Se vuoi sentire ancora meglio il contatto con il pavimento puoi rimanere con il peso sul tallone e sull'arco plantare esterno dei tuoi piedi.
Alza le dita dei piedi e riportale giù una ad una,
Se è la prima volta che provi questo movimento non è semplice,
Fai un respiro profondo e apri gli occhi,
Inizia a camminare facendo attenzione alle sensazioni che provengono dalle piante dei piedi,
Quando il tallone si appoggia,
Si appoggia anche l'arco esterno e infine le dita.
Ora parte il movimento con l'altra gamba,
Prosegui con il tuo ritmo,
Non è necessario andare troppo lentamente,
Il tallone sfiora il pavimento e quando si appoggia ritorna l'equilibrio.
Se vuoi continuare a tenere gli occhi aperti ricordati di concentrarti sulle sensazioni nel corpo e non su quello che puoi vedere attorno,
Se invece ti senti sicuro e vuoi provare a chiudere gli occhi,
Sentirai ancora meglio quanto è difficile mantenere l'equilibrio,
Ma comunque non è necessario,
L'importante è non cadere e non farsi male.
Normalmente camminiamo senza cadere e anche senza pensare costantemente alla coordinazione dei muscoli che servono per mantenere l'equilibrio e senza prestare attenzione a tutte le informazioni che vengono recepite dai nostri organi di senso e che vengono integrate proprio per farci camminare.

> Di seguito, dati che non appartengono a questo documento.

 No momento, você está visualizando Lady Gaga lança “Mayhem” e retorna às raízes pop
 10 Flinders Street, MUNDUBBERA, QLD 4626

Con questa meditazione capiamo quanto tutto questo sia necessario,
Anche solo per camminare,
L'avampiede si appoggia,
Magari c'è un leggero solletico,
E poi anche le dita si appoggiano e danno ancora più stabilità,
Porta l'attenzione anche a quando le dita si stanno per staccare dal pavimento.
Proprio dopo questo movimento inizia ad essere difficile mantenere l'equilibrio.
Più vai lentamente,
Più sensazioni,
Più fasi,
Hai il tempo di registrare e risulta anche più difficile mantenere l'equilibrio.

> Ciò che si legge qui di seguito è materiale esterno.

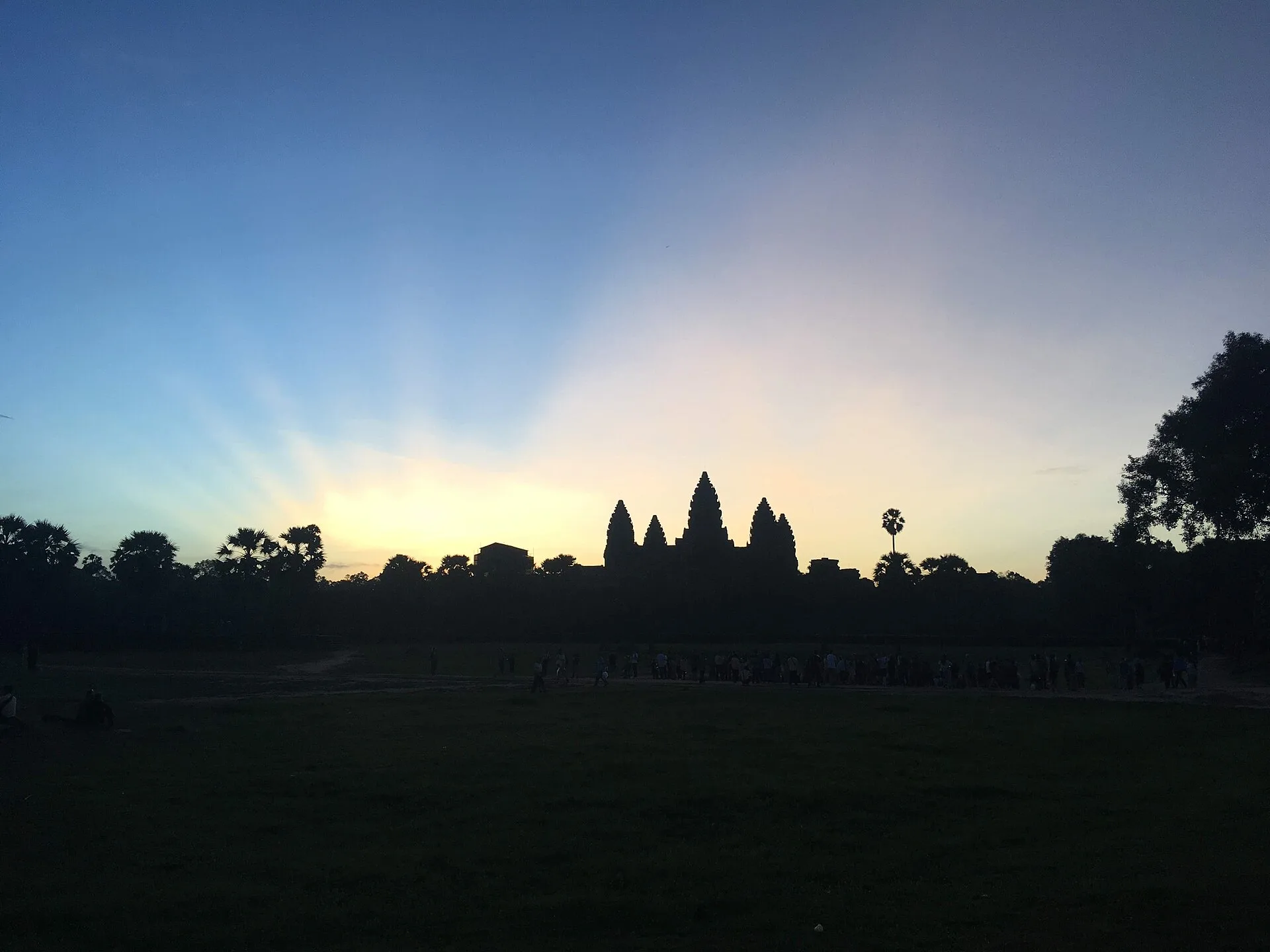 Angkor Wat and Small Circuit Full Day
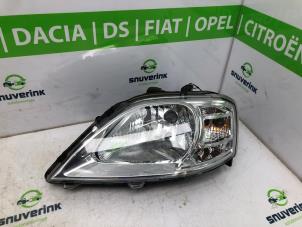 Begagnade Strålkastare, vänster Dacia Logan MCV (KS) 1.6 16V Pris € 126,00 Marginaltabell erbjuds av Snuverink Autodemontage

Senti la differenza tra i movimenti di un'andatura rettilinea e di quando stai per fare una curva.
L'atteggiamento di torsione parte dalla testa,
Seguono le spalle,
L'addome,
Il bacino e il resto del corpo,
Se emergono dei pensieri,
Osservali e poi lasciali andare,
Torna alle sensazioni che arrivano dal movimento e dal tuo piede,
Senti il tuo peso,
Senti il contatto con il pavimento,
Duro o morbido,
Caldo o freddo,
Senti la parte della pianta che non si appoggia,
Magari senti un po' di aria proprio lì,
Cerca di percepire senza visualizzare le parti del piede,
Solo connettendoti veramente con quello che senti,
Fai attenzione alle sensazioni che arrivano da tutto il piede,
Anche dalla parte superiore,
Se hai bisogno di più stabilità ricordati che puoi tenere gli occhi aperti,
Accorgeti dei movimenti che fai quando stai per perdere l'equilibrio,
Ora inizia ad espandere la tua attenzione su tutto il resto del corpo,
Sulle gambe,
Sulle anche,
Percepisci il movimento delle braccia che ti fanno mantenere l'equilibrio,
Accorgiti delle espressioni del viso e del sorriso che ti viene quando stai per perdere l'equilibrio,
Porta l'attenzione alla contrazione degli addominali,
Se vuoi continuare prosegui pure da solo,
Magari cambiando l'oggetto della tua sintonizzazione,
Potresti ripetere questa meditazione concentrandoti sulle sensazioni che provengono dal movimento del ginocchio o dell'anca e poi riespandi la tua attenzione al resto del corpo,
La meditazione camminata potrebbe servirti anche se pensi che la tua andatura potrebbe essere corretta,
Se hai dei problemi alle cartillagini o problemi di postura,
Dedica un po' più di attenzione e consapevolezza proprio agli effetti che ha il tuo movimento nei tuoi punti critici.
Grazie per aver meditato con me,
Ti aspetto per un'altra meditazione insieme.